The issue that pushed climate change off the top of everyone’s agenda after Copenhagen was the further unraveling of the global economy, particularly in Europe. 2015 shows signs of stabilization, notably in the U.S., but risks persist. Any significant deterioration such as a big slowdown or financial crisis materializing in China or other emerging economies or panic in the Eurozone periphery would push climate diplomacy still further down the agenda.

On the other hand, the sudden, sharp drop in oil prices in the latter half of 2014 is a gift to consumers and businesses and could be the jump-start that the world economy needs after years of economic weakness, which would make paying for climate change mitigation and adaptation both at home and abroad a more affordable proposition, and give the topic of climate change more face-time with policy-makers.

3. Oil Prices

While cheap oil makes climate change more affordable, such fossil fuel use is causing the very problem we confront. Any prolonged drop in oil prices will boost use of the stuff by consumers and firms. Already, modest improvements in the global economy were responsible in 2013 for the largest one-year spurt in atmospheric carbon dioxide since 1984, according to data that the World Meteorological Organisation released in September, even as global renewable power capacity in 2013 expanded at its fastest pace to date, according to the US Energy Information Administration. Conversely, economic malaise in Europe makes climate finance less manageable but, due to industrial stagnation, has been responsible for a great deal of the emissions reductions the EU has achieved.

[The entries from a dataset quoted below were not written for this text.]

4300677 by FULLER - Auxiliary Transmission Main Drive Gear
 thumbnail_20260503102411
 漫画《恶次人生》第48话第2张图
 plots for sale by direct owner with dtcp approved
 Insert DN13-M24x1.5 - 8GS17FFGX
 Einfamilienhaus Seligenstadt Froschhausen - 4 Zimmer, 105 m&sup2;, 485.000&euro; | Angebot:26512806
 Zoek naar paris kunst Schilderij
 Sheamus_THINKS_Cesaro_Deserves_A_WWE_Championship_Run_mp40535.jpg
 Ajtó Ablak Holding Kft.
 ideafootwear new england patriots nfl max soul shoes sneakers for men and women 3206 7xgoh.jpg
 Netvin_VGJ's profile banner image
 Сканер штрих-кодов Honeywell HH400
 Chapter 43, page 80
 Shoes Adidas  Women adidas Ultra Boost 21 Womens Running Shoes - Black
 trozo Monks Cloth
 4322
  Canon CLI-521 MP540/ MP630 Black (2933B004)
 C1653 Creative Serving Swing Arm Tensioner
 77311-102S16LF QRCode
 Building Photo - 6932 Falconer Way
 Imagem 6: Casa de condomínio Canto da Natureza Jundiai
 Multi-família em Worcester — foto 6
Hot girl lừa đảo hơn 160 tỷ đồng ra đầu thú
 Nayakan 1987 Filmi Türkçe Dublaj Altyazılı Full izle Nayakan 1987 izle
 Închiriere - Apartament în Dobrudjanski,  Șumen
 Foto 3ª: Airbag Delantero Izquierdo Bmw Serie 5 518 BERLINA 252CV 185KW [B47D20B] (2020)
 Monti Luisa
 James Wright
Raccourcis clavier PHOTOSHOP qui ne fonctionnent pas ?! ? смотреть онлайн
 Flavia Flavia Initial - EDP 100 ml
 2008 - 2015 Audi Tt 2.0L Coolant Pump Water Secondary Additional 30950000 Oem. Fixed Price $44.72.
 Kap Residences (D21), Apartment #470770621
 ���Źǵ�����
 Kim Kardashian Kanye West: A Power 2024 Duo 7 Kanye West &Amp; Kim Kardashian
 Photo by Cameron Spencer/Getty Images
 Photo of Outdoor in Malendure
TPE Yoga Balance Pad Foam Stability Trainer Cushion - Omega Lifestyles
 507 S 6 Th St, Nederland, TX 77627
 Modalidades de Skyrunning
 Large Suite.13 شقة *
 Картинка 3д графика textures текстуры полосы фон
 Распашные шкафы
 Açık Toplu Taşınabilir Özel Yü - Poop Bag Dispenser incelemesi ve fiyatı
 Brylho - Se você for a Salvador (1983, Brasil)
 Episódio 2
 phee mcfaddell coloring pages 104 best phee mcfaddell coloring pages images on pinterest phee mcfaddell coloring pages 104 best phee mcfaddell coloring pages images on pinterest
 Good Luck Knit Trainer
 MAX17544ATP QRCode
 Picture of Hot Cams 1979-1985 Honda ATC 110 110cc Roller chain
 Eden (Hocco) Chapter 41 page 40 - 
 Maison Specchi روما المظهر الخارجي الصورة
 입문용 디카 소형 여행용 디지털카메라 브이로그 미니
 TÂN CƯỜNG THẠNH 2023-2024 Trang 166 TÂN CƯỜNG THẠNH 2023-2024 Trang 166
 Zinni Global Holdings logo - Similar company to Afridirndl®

At the same time, cheap oil makes some carbon-intensive extraction such as Alberta’s Tar Sands less viable—and some such projects have already been put on hold or cancelled. But the phenomenon also can undermine incentives to invest in renewable energy without additional subsidies, and can kill biofuels in particular. Given the increased carbon emissions from many forms of biofuels, few outside the biofuels industry will lose much sleep over this. But this also affects advanced biofuels research, such as algae-based fuels, which do not lead to land-use-change-related emissions effects.

Thus the very development that makes a climate deal more achievable paradoxically also increases scale of the ambition needed. It also highlights the importance of public-sector intervention to build infrastructure that can produce energy cheap enough to compete with low-priced fossil fuels, including vast new quantities of clean electricity for the presumptive coming electrification of transportation. However, greater focus on public spending hikes up projections for the cost of climate finance.

4. Ambition

For reasons of diplomatic politesse, the UN will simply review the climate pledges nations are to submit by an informal deadline of 31 March, and will not keep track of whether individual emissions cuts pledges are in keeping with the necessary scale of ambition to stay within the two-degree limit. There is also no agreement on whether these pledges will be legally binding.

Research from the Global Carbon Project published earlier this year shows that the two-degree goal is essentially unachievable without substantially more sharp emissions cuts—5.5 percent per year over the next 45 years. At a midpoint between maximally fair and maximally unfair sharing out of the remaining carbon pie, only Europe just about manages to be making the appropriate cuts. North America should reduce its emissions by about 5 percent a year; Japan, South Korea and Australia by about 5.5 percent; and China by at least 8.5 percent. And that is just to achieve a 50 percent chance of avoiding 2°C of global warming. Bump that up to a 66 percent chance, and the necessary global mitigation rate jumps to 7 percent per year.

Separate research on this “emissions gap” from the UN Environment Programme suggests that given the already announced pledges, we are on track for four degrees of warming. At some point this year, will a major climate player come out and announce that the two-degree goal is simply unachievable?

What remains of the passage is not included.